I am reading the book.
Let $G$ be a Poisson-Lie group and $r = \sum_{s,t} r^{st} X_s \otimes X_t \in g \wedge g$, where $g$ is the Lie algebra of $G$. In the end of page 60, the bracket on $\mathbb{C}[G]$ is given by \begin{align} \{f_1, f_2\} = \sum_{s,t} r^{st}( (X_s^L f_1)(X_t^L f_2) - (X_s^R f_1) (X_t^R f_2) ), \quad (1) \end{align} where $f_1, f_2 \in \mathbb{C}[G]$, $\{X_s\}$ is a basis of $g$ and $\{X_s^L\}$, (resp. $\{X_s^R\}$) are corresponding left (resp. right) invariant vector field on $G$.
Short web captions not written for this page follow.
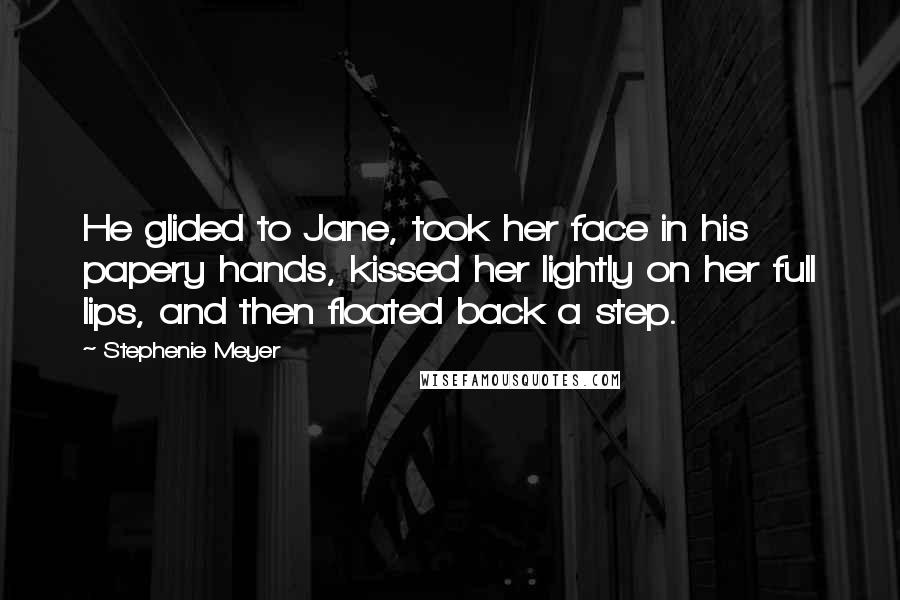 Stephenie Meyer Quotes: He glided to Jane, took her face in his papery hands, kissed her lightly on her full lips, and then floated back a step.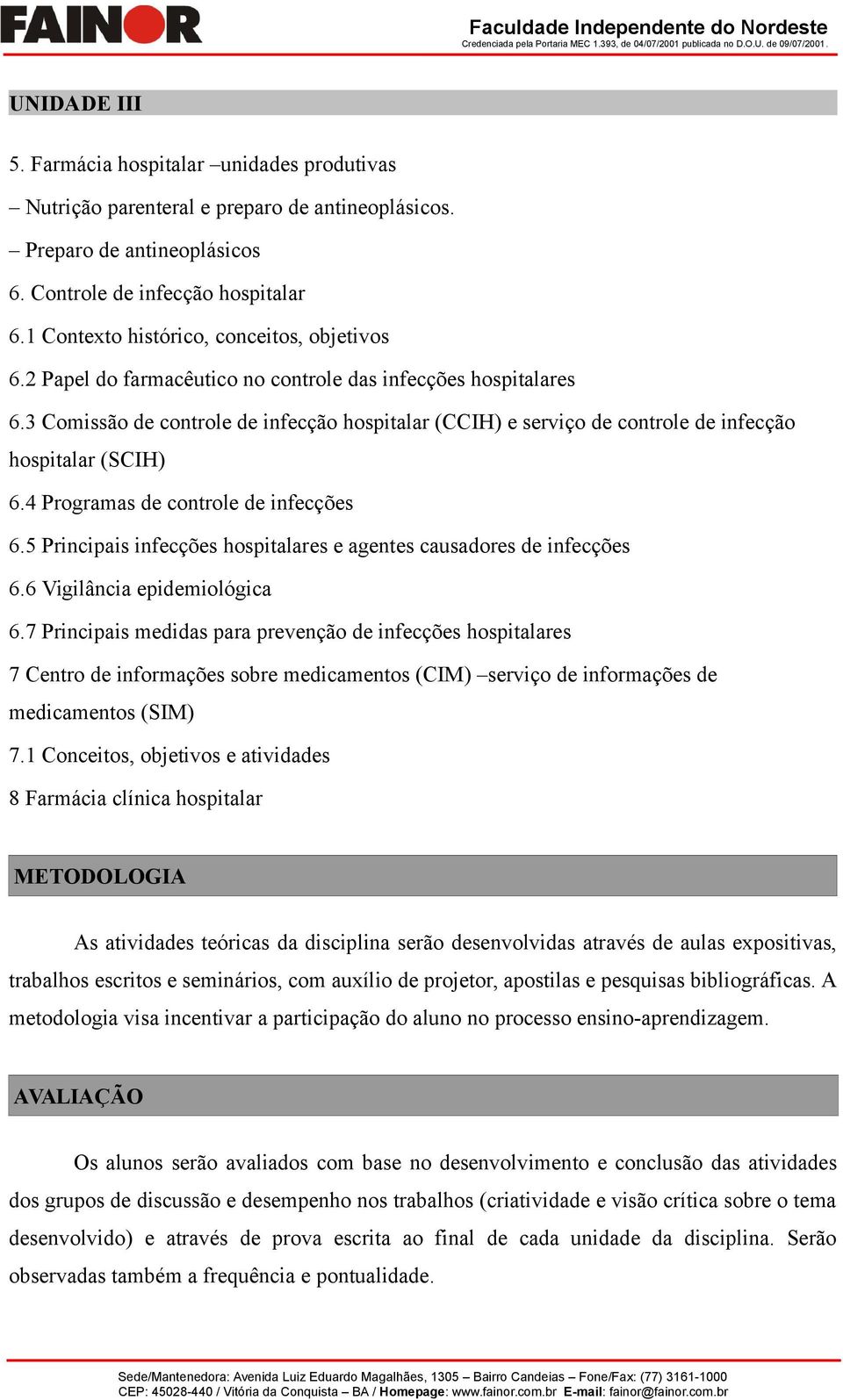 3 Comissão de controle de infecção hospitalar (CCIH) e serviço de controle de infecção hospitalar (SCIH) 6.4 Programas de controle de infecções 6.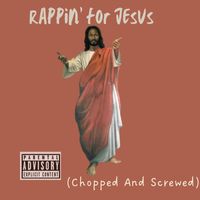 FarmerJohn - Rappin for Jesus (Chopped and Screwed) (Explicit)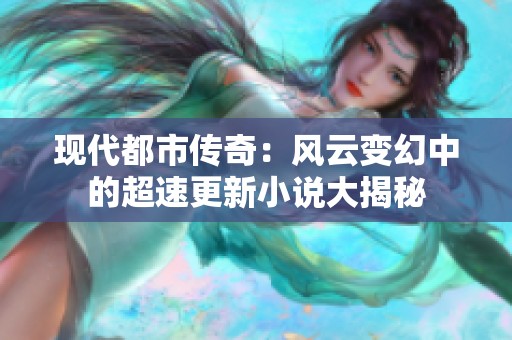 现代都市传奇：风云变幻中的超速更新小说大揭秘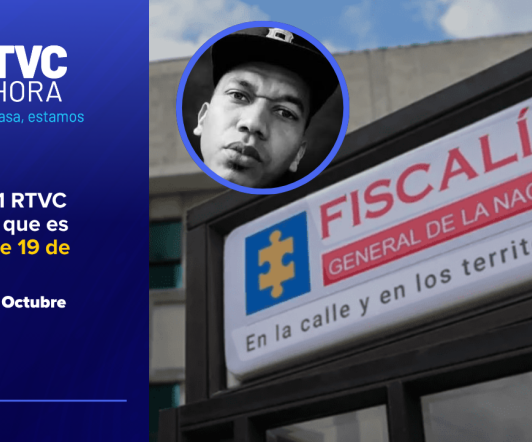 Boletín #11 RTVC Ahora | Lo que es noticia este 19 de octubre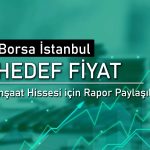 İnşaat hissesi için beklenti arttı: 86 TL’ye ulaşacak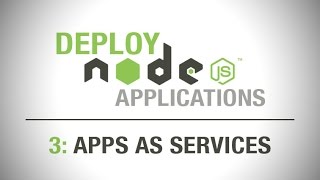 Deploying Nodejs Applications  Deploy Node the right way  as an Upstart Service [upl. by Yelwah]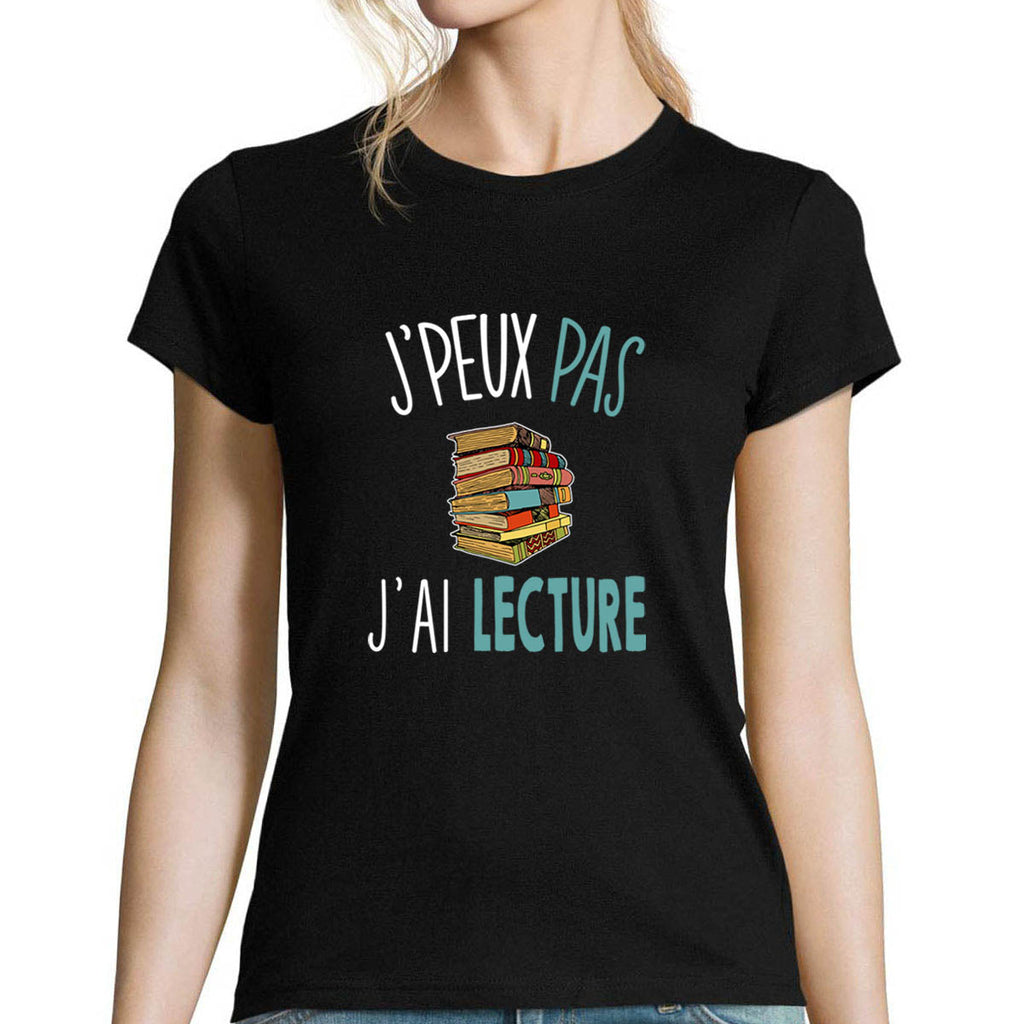 cadeau pour une lectrice passionnée - T-shirt femme J'peux pas j'ai lecture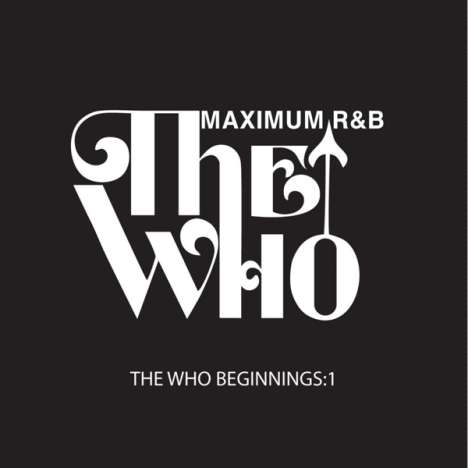 The Who Beginnings 1: Maximum R &amp; B, CD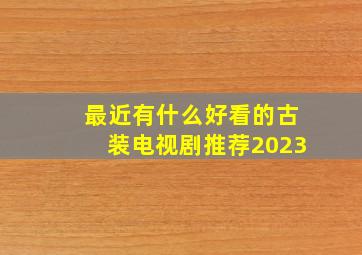 最近有什么好看的古装电视剧推荐2023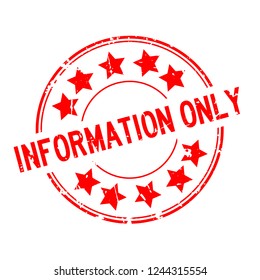 Grunge red information only word with star icon round rubber seal stamp on white background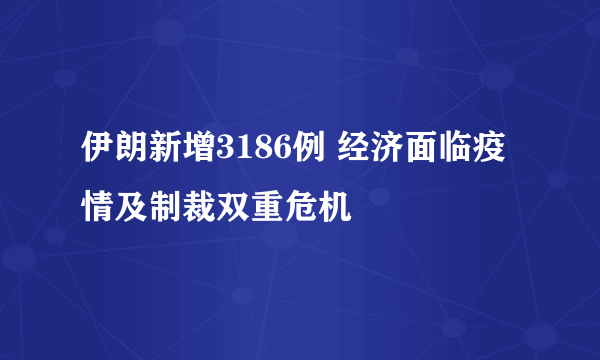 伊朗新增3186例 经济面临疫情及制裁双重危机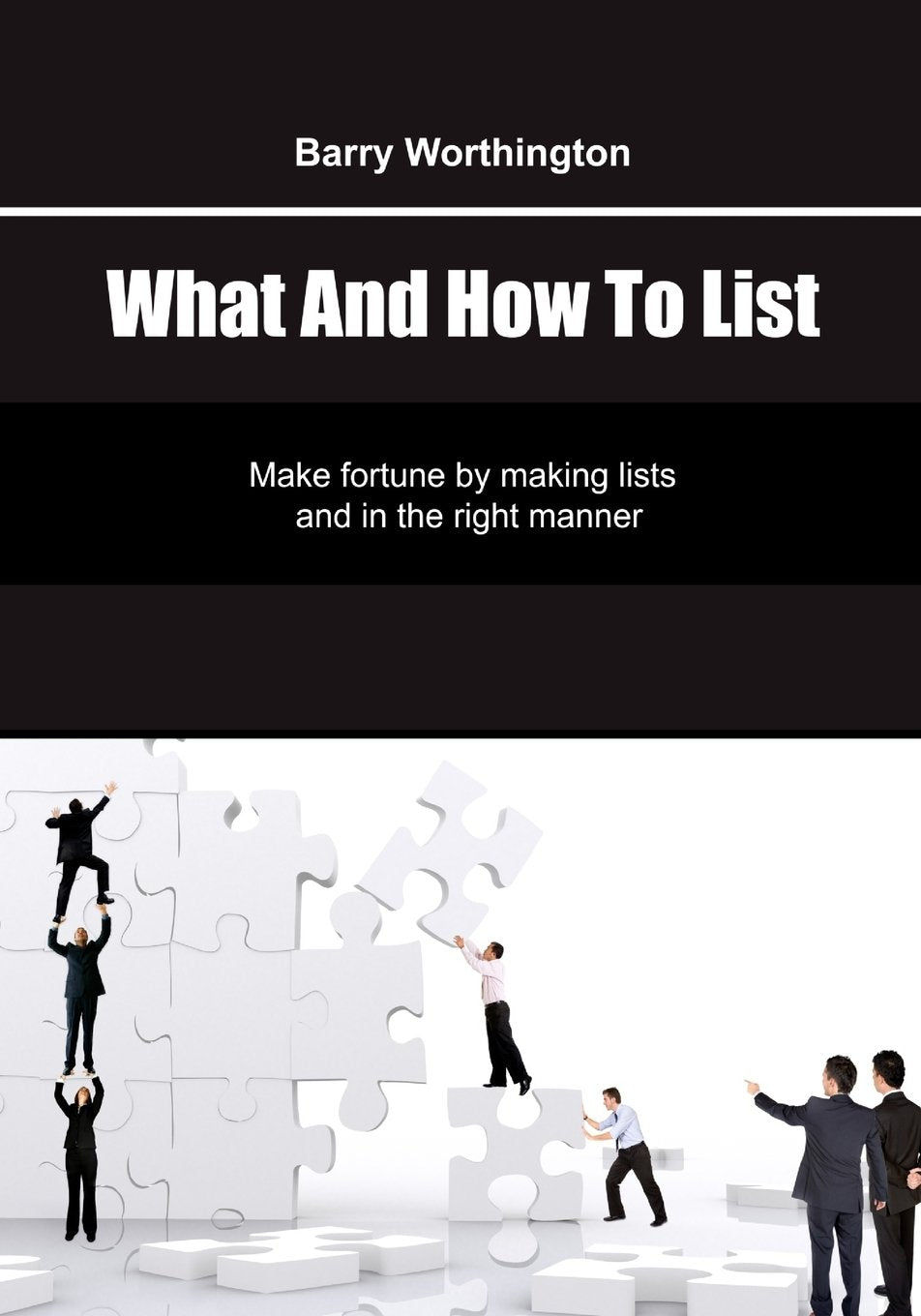 What and how to list: Make fortune by making lists and in the right manner Business, Finance & Career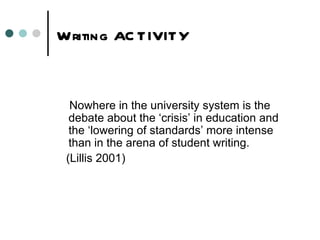 Writing AC TIVITY



  Nowhere in the university system is the
  debate about the ‘crisis’ in education and
  the ‘lowering of standards’ more intense
  than in the arena of student writing.
 (Lillis 2001)
 
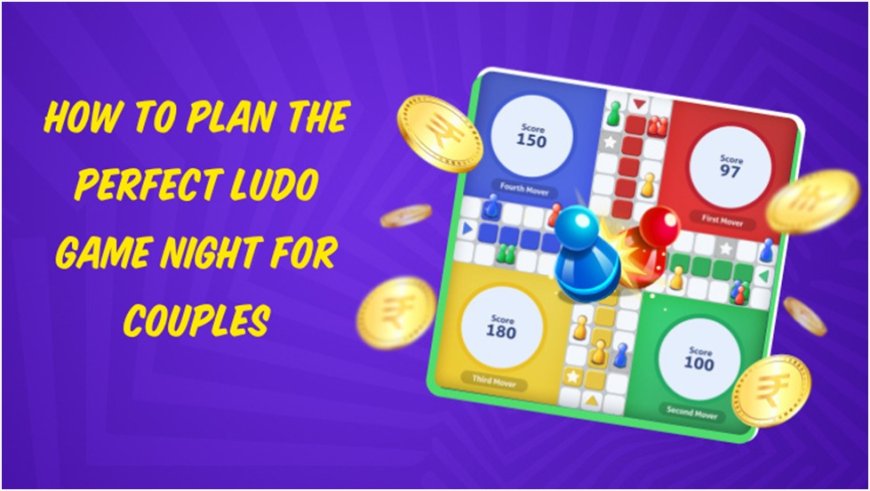 How to Plan the Perfect Ludo Game Night for Couples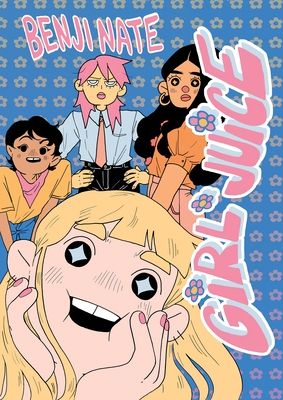 Girl Juice Graphic Novel Cover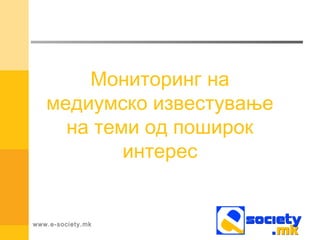 Мониторинг на
медиумско известување
на теми од поширок
интерес
www.e-society.mk
 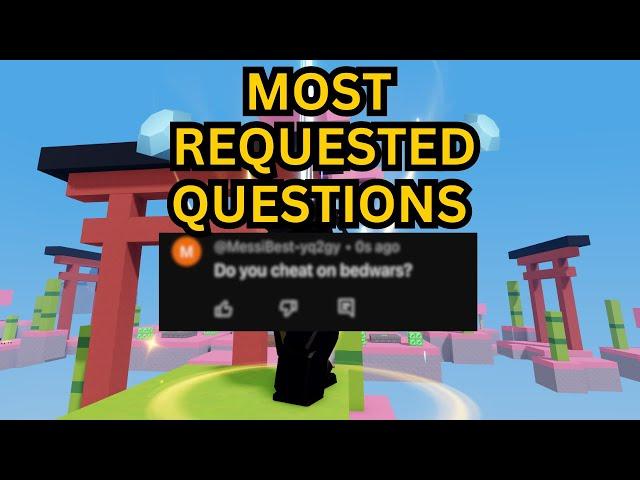 ANSWERING THE MOST REQUESTED QUESTIONS ABOUT ME! (ROBLOX BEDWARS)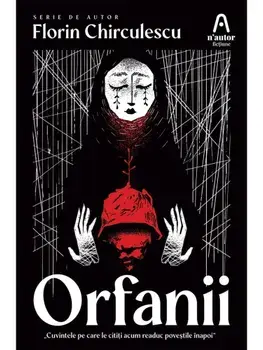 Orfanii/Florin Chirculescu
In the case of $G = GL_n$, how to derive the formula $\{t_{ij}, t_{kl}\} = \sum_{a,b} (r^{ajbl} t_{ia}t_{kb} - r^{iakb} t_{aj}t_{bl})$ from (1)? This formula is on page 61 of the book of Chari and Pressley.
We have $X^L(t_{ij}) = (TX)_{ij}$, $X^R(t_{ij}) = (XT)_{ij}$.
Thank you very much.
Take a basis $\{E_{ab}: a,b=1,\ldots,n\}$ of $gl_n$, where $E_{ab}$ is a matrix whose $(a,b)$-entry is $1$ and $0$ elsewhere. Then we have $$ E_{ab}^L(t_{ij}) = (TE_{ab})_{ij} = \delta_{bj}t_{ia}, \\ E_{ab}^R(t_{ij}) = (E_{ab}T)_{ij} = \delta_{ia}t_{bj}. $$ Therefore $$ \{t_{ij}, t_{kl}\} \\ = \sum_{a,b,c,d} (r^{ab,cd} E_{ab}^L(t_{ij})E_{cd}^L(t_{kl}) - r^{ab,cd} E_{ab}^R(t_{ij})E_{cd}^R(t_{kl})) \\ = \sum_{a,b,c,d} (r^{ab,cd} \delta_{bj}t_{ia}\delta_{dl}t_{kc} - r^{ab,cd} \delta_{ia}t_{bj}\delta_{kc}t_{dl} \\ = \sum_{a,c} r^{ajcl} t_{ia}t_{kc} - \sum_{b,d} r^{ibkd} t_{bj}t_{dl} \\ = \sum_{a,b} (r^{ajbl} t_{ia}t_{kb} - r^{iakb} t_{aj}t_{bl}). $$